## INPUT:
----
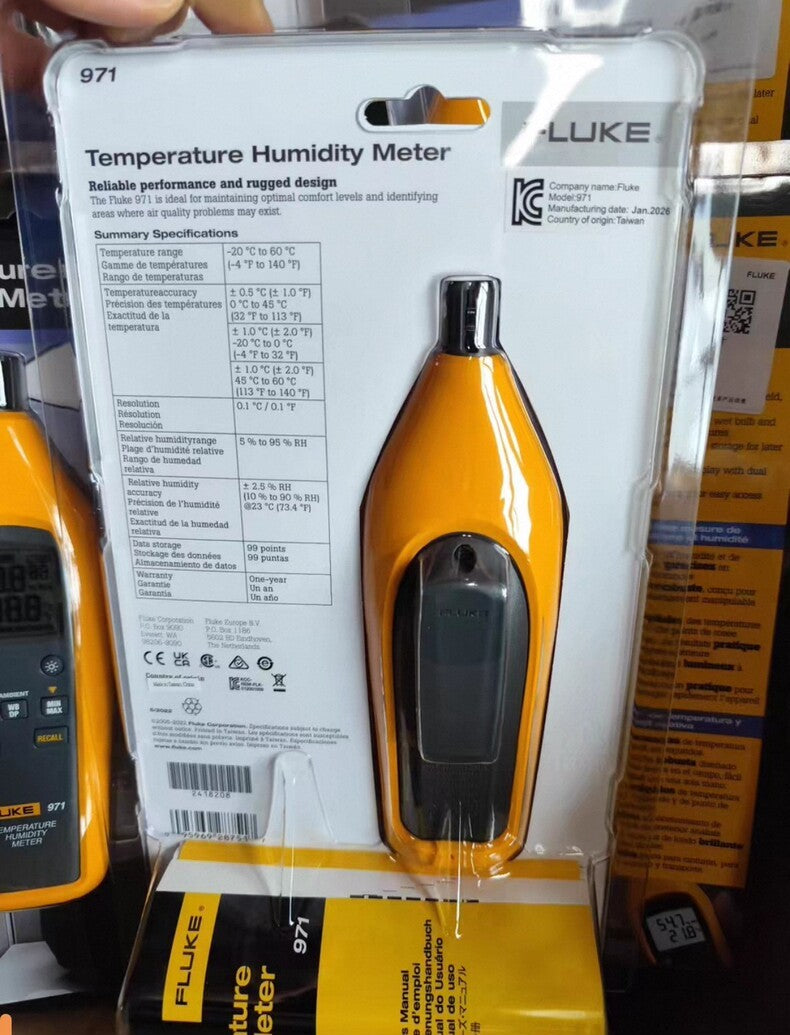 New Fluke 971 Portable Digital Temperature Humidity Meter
----
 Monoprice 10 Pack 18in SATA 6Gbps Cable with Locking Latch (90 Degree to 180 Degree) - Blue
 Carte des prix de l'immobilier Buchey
----
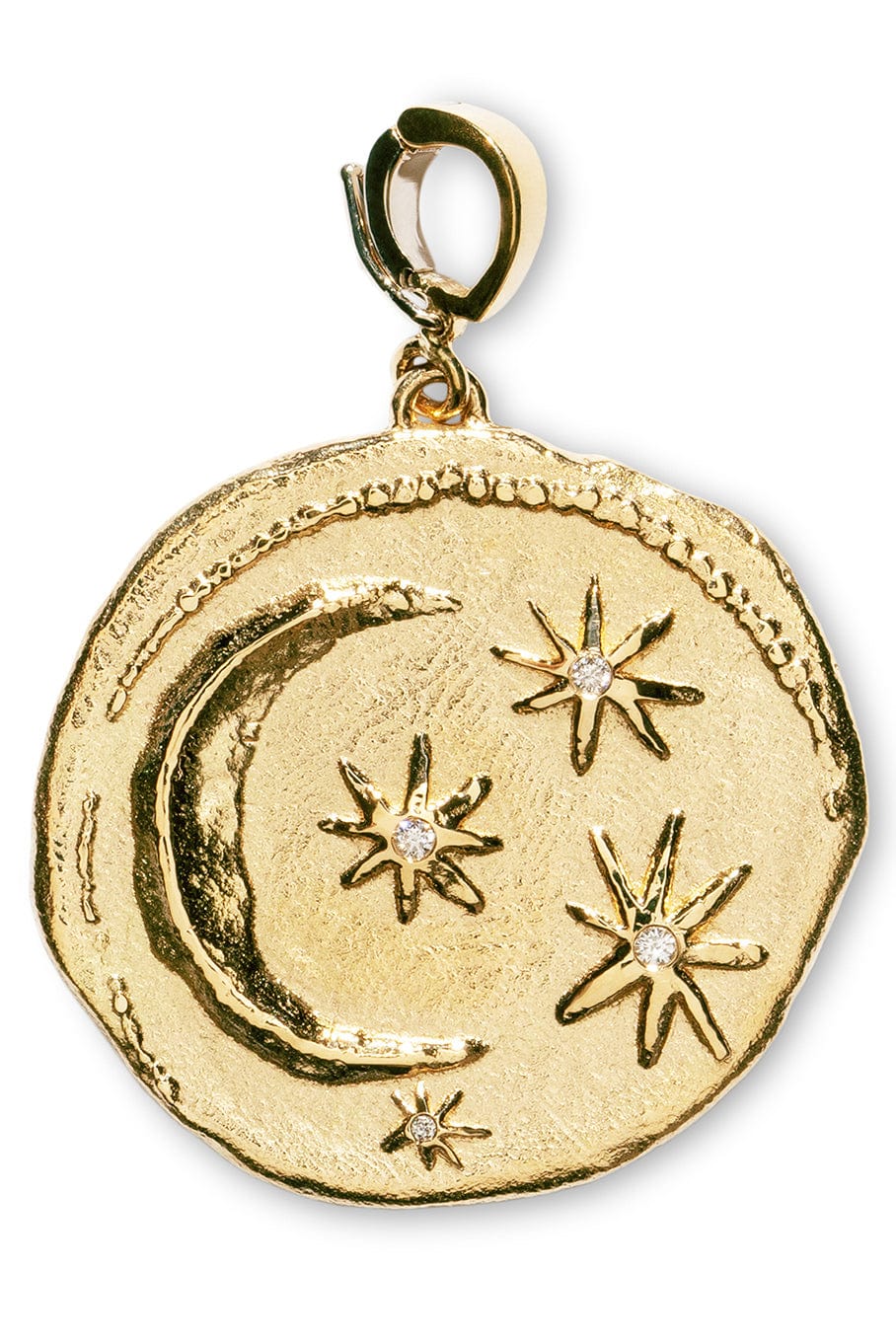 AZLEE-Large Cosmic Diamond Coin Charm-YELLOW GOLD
----
In the listing above, locate the line containing "Monoprice 10 Pack" and the line containing "Carte des prix de l'immobilier Buchey", then transcribe both and every line between them verbatim.

 Monoprice 10 Pack 18in SATA 6Gbps Cable with Locking Latch (90 Degree to 180 Degree) - Blue
 Carte des prix de l'immobilier Buchey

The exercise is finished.